**What the task asks:**
Each entry must be given again exactly as it appears, with images excluded.

##########

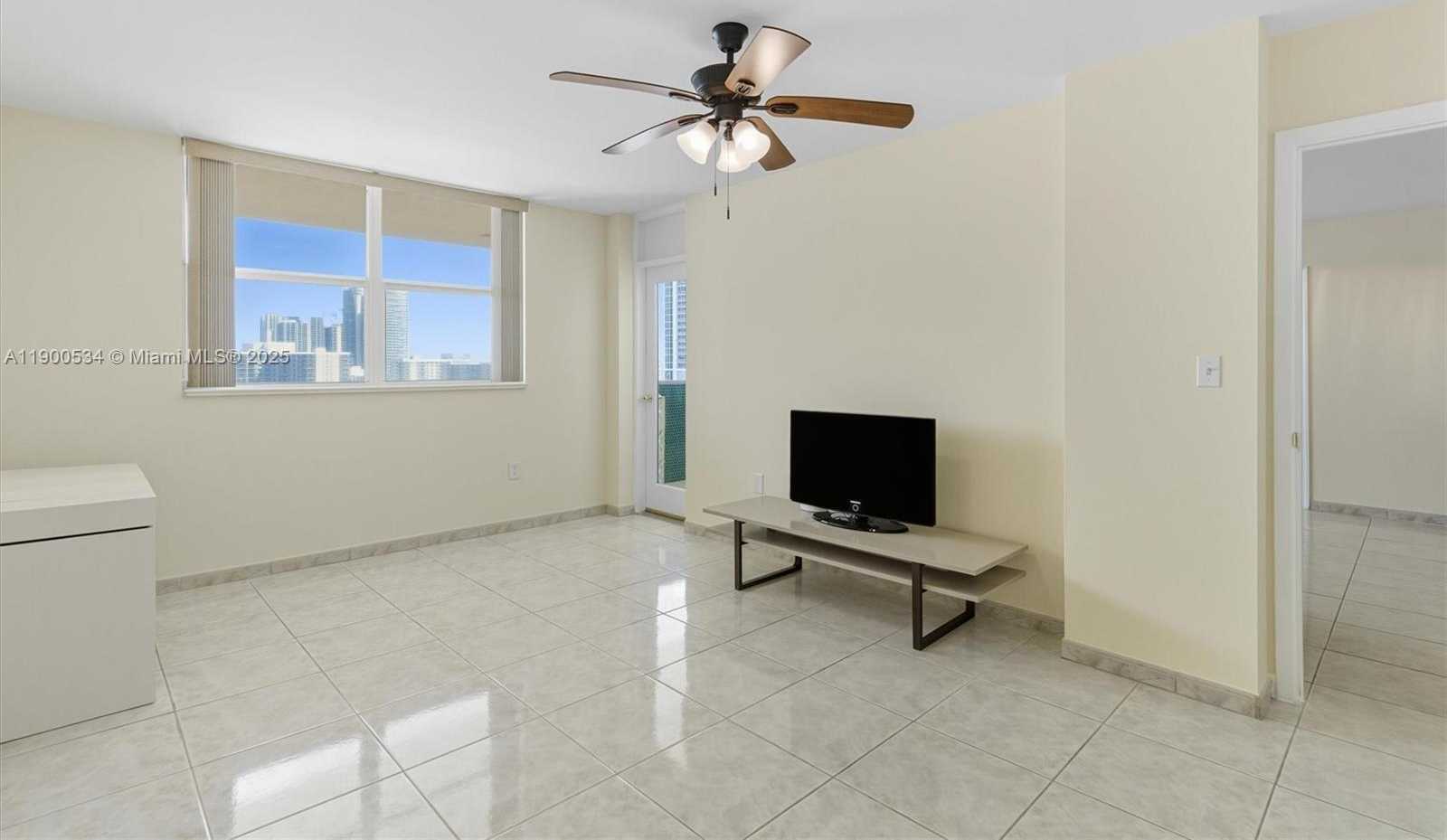 Small Image of 1833 SOUTH OCEAN DR #1809, Hallandale Beach Number 14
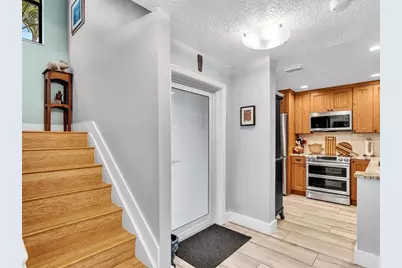 240  City View Dr, Unit #240, Fort Lauderdale, FL 33311 - Photo 19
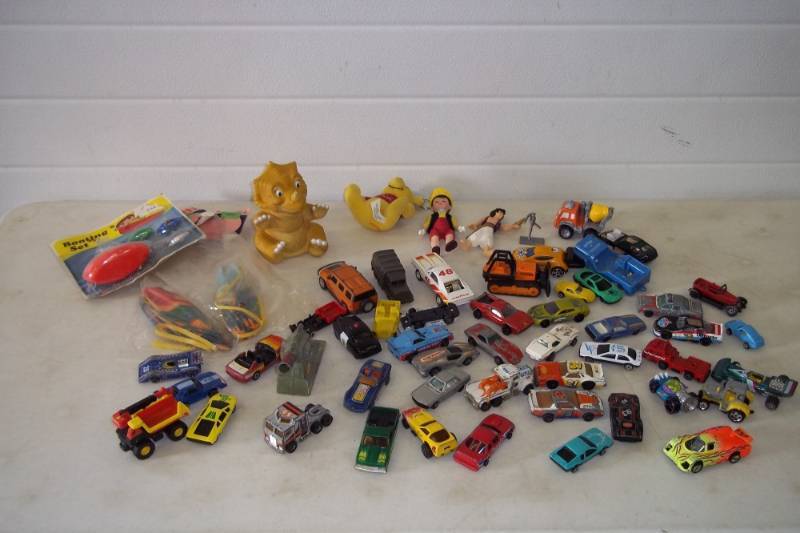 lot 42 image: Matchbox and Hot Wheels car 1970s & 1980s plus other toys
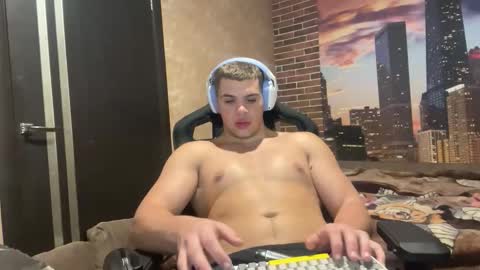 Snapshot of musclephantom chatting on 23, 10, 2025 Egor online show from 23, 10, 2025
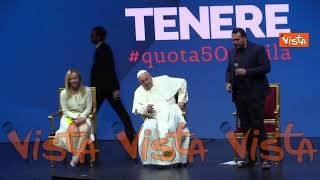 La standing ovation finale per Papa Francesco e Giorgia Meloni agli Stati Generali della Natalità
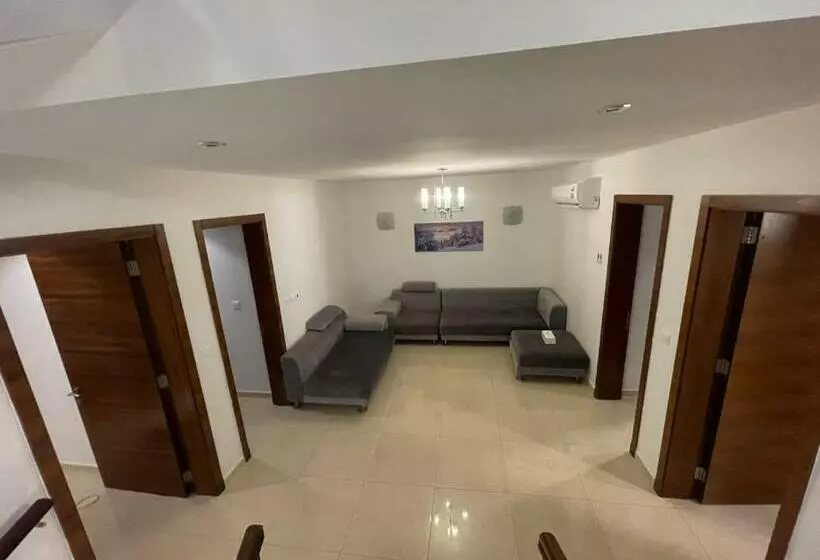 سافانا امواج Amwaj Savana
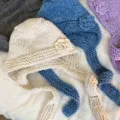 Handgemachte dicke Wolle Balaclava mit Blumen für Winter warme Vintage Strickmütze. - Beige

##########

**Solution:**
 Small Image of 1833 SOUTH OCEAN DR #1809, Hallandale Beach Number 14
 240  City View Dr, Unit #240, Fort Lauderdale, FL 33311 - Photo 19
 lot 42 image: Matchbox and Hot Wheels car 1970s & 1980s plus other toys
 Snapshot of musclephantom chatting on 23, 10, 2025 Egor online show from 23, 10, 2025
 La standing ovation finale per Papa Francesco e Giorgia Meloni agli Stati Generali della Natalità
 سافانا امواج Amwaj Savana
 Handgemachte dicke Wolle Balaclava mit Blumen für Winter warme Vintage Strickmütze. - Beige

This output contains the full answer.